The timestamps are not measured at frame exposure but on reception on the phone. The transfer time is about 30 ms for the eye cameras but is subject to variance. See my messages with @user-359878 for a very detailed discussion.
Thank you!
Hi! Is it possible that there could be also a time delay between the timestamps of the gaze data and the IMU data? In the figure the head rotation precedes the change in eye-movements, but normally it is the other way around.
Has there been any updates on methods for correcting these timestamps?
Unfortunately, not.
Hi, I have taken some recordings using the Invisible and now have them in Pupil Player, I can only seem to get the 'Vis Fixation' to show up, and not the 'Vis Cross' or any of the other 'Vis' options. Any Tips? Thanks in advance!
Mmh, I just try reproducing the issue but I can't. The other visualizations show as expected. Can you reproduce the issue for every recording of yours or only the one?

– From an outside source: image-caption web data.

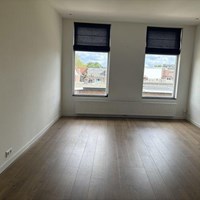 Rijswijk (ZH), Tulpstraat, 2-kamer appartement - foto 5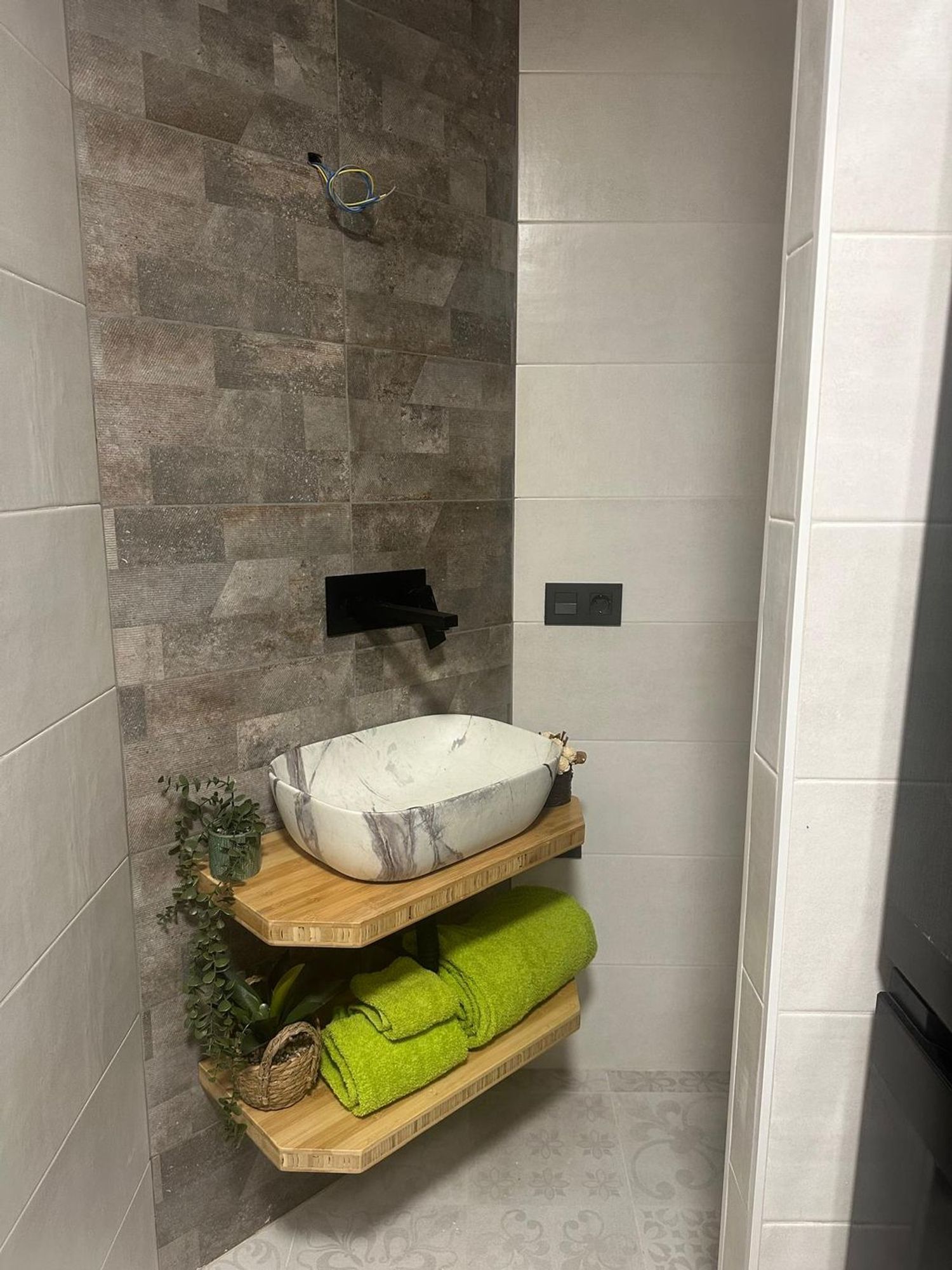 Chalet adosado en Los Lagares, 4, Ctra de Sevilla - Ronda sur, Ctra de Sevilla - Ronda sur - Foto 30
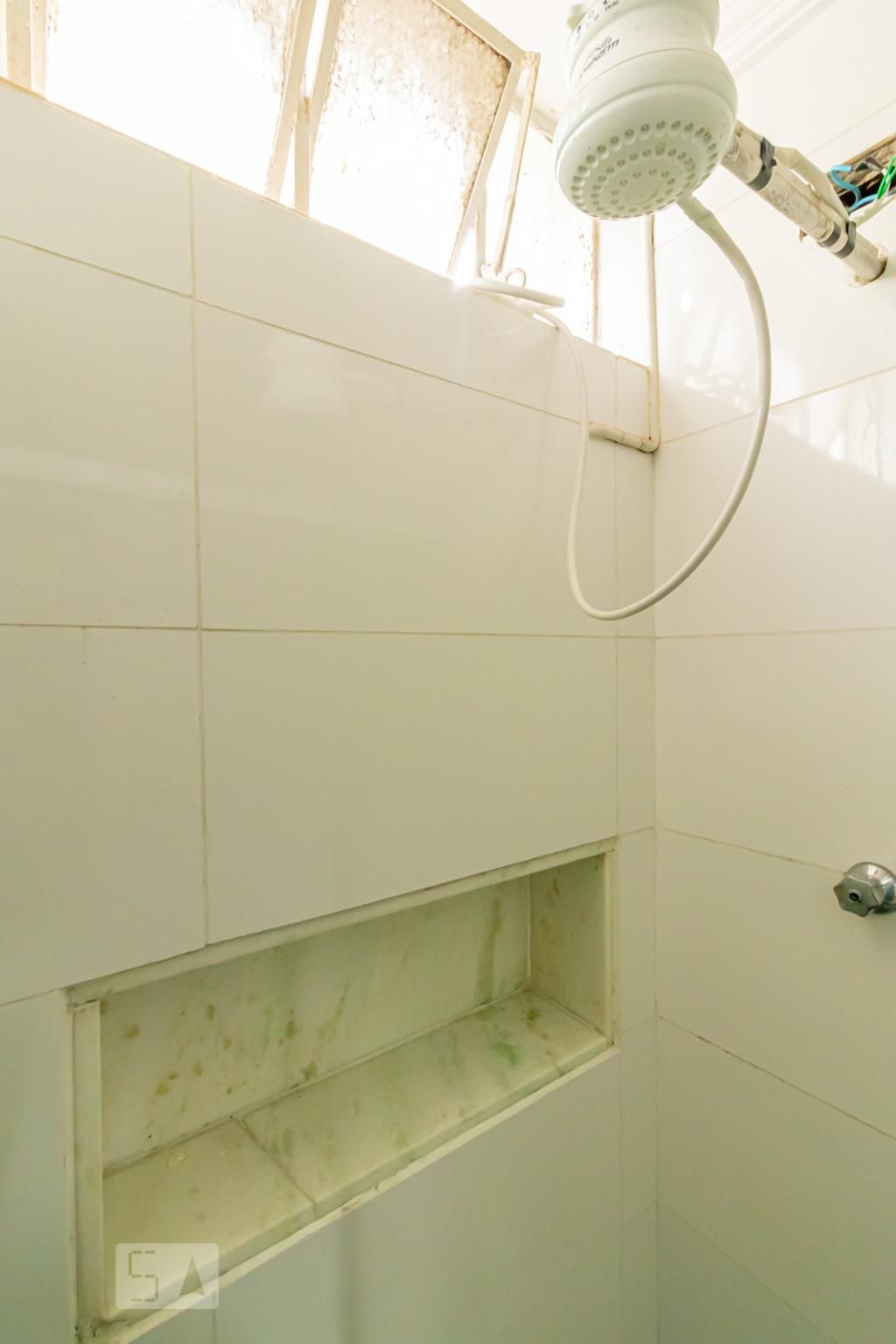 Kitnet-Studio, 28 m² - Foto 22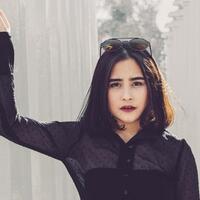 maxime-bouttier-susah-payah-yakinkan-prilly-latuconsina-mau-jadi-pacarnya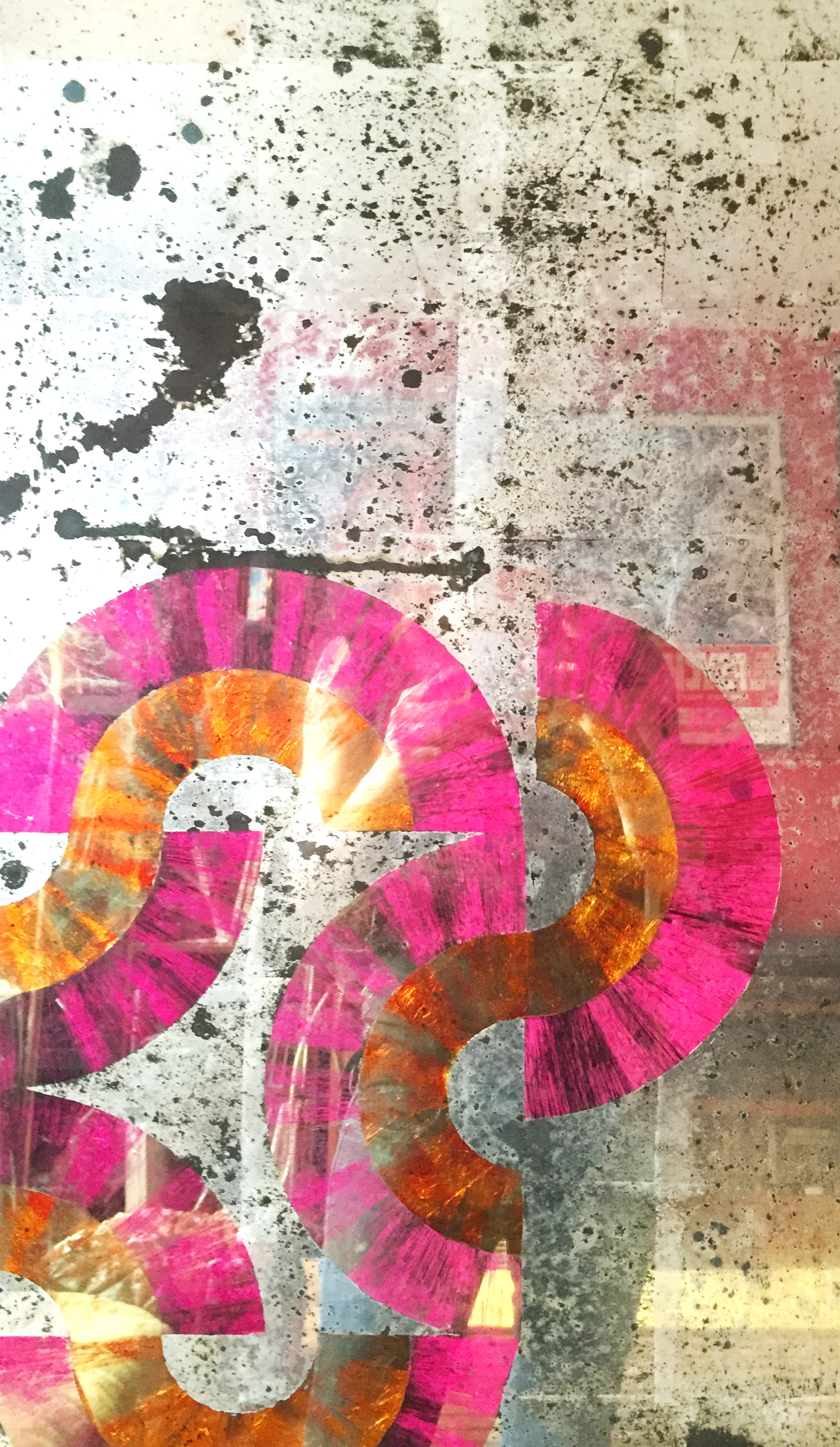circles1.jpg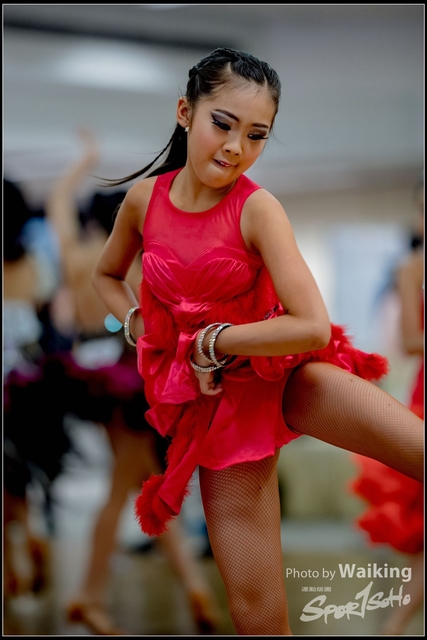 2018-03-18 Dance 0492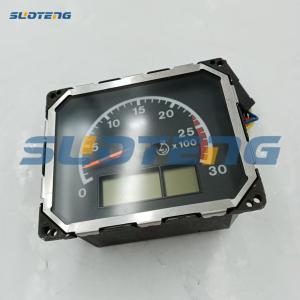 Quality 190-3730 Display Monitor Panel 1903730 for 980H Wheel Loader wholesale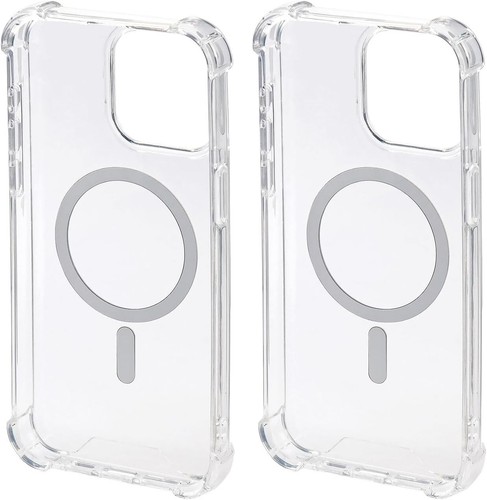 Neu 2er set - neu, magsafe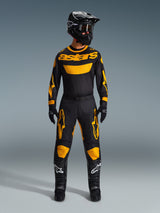 Camisola Racer Riway 2026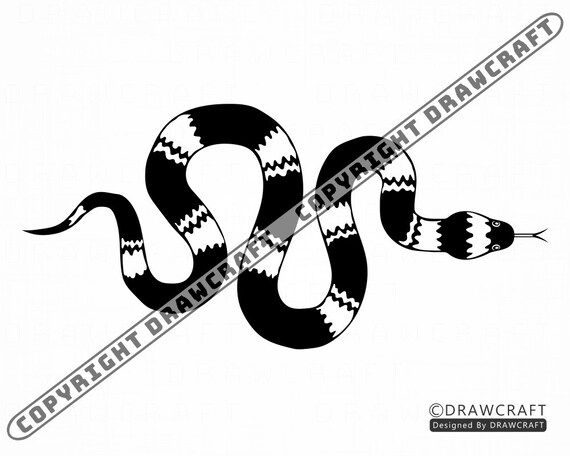 Download Snake Files For Cricut Snake Png Dxf Snake Svg Eps Snake Clipart Serpent Svg Snake 7 Svg Snake Cut Files Pdf Clip Art Art Collectibles Delage Com Br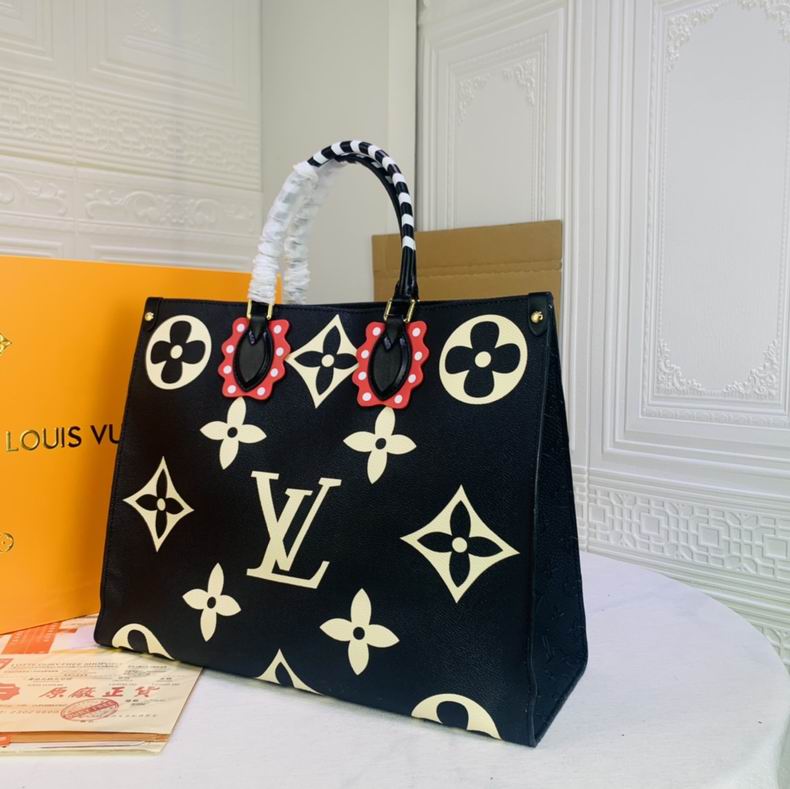 Onthego M45373 41x34x19cm cs (3)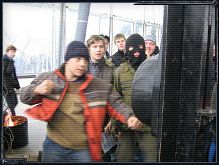 нажмите чтобы увидеть большое изображение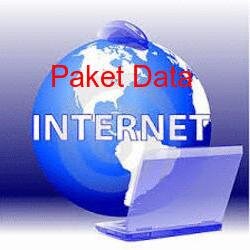 paketdatanet's profile picture. Penyedia Layanan Internet Seluler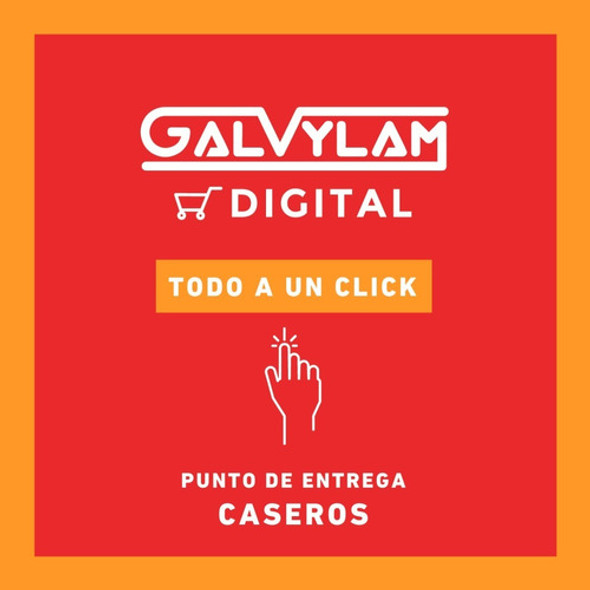 Masilla Durlock Secado Rápido 25kg 1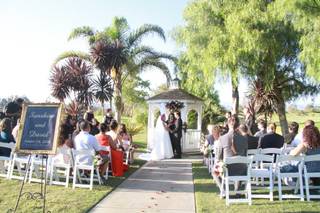 Sterling Hills by Wedgewood Weddings - 26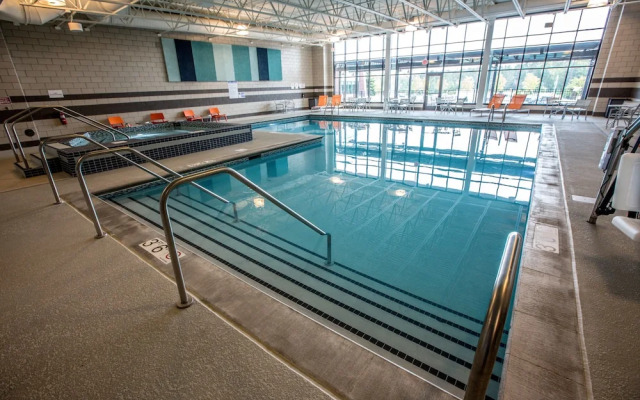 Grand Casino Hinckley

I just tried it again with another recording and having the same issue. In the photo you can see I have 'Vis Circle', 'Vis Fixation', and 'Vis Cross' turned on but only Vis Fixation is showing up. Perhaps its a setting I have to adjust on the pupil companion app? Tomorrow when I'm back in my lab I will have a look.
Actually, could you go to the general settings and setting the minimum data confidence to zero?
That worked! Thank you very much!
ok, that means, that your gaze data has a confidence of zero. This only happens if the headset on/off classifier estimates that the headset is not being worn at that time. Could you share a screenshot/picture of Pupil Player with the eye video overlay enabled?
ok, thank you!
Which version of Player are you using? Would it be possible for you to share the recording (or any recording that shows this issue) with [email removed] I would be interested in finding out was went wrong here.
I am using version 3.4.0 on MacOS, but I was having an identical issue with the lab computer which is Windows 10. I downloaded Pupil Player today on both machines so I assume its the most recent on the PC as well. Sure, I'll send an email, any reference I should add in? Since the whole recording is nearly 1GB I'll send a Google drive link.
I am using version 3.4.0 Ok, perfect! Sure, I'll send an email, any reference I should add in? That would be great! Just mentioned the issue briefly. Sending a gdrive link is fine with us.
Thank you, I just sent off an email then.
Hi š Is there a fundamental reason why it is unavailable for pupil invisible ? (I went through the code very quickly and did not find anything exotic about the invisible glasses i.e. unavailable data) I came across a voluntary disable around line 280 of fixation_detector.py so I am guessing I'm missing something. Could you enlighten me please ? If it's not the case and it is just not a priority at the moment due to lack of time, feel free to tell me. I might consider stepping into the code!
Hi @user-e0a93f! Thank you for the offer! We have recently disabled the fixation detector for Pupil Invisible recordings because it does not perform well. The Pupil Invisible gaze data is more noisy compared to the Pupil Core gaze data, which the algorithm is not designed to cope with. We have however been working on a new fixation detection algorithm that is 1) compatible with Pupil Invisible and 2) more accurate in general compared to traditional algorithms. We will release this algorithms to Pupil Cloud probably still within August and a bit later around September to Pupil Player!
Thank you very much! This feature will be a game-changer for me š While I am at it, will you implement saccades and smooth pursuit detection?
It's something we are looking into, but doing that robustly is of course much harder. I wouldn't expect a release anytime soon!
Ok thanks!
Your welcome!
@user-2d66f7 FYI - my team has also found temporal offsets between gaze and IMU data. PL is aware and actively trying to address the issue. The offset is not constant between recordings, and perhaps not even within a recording.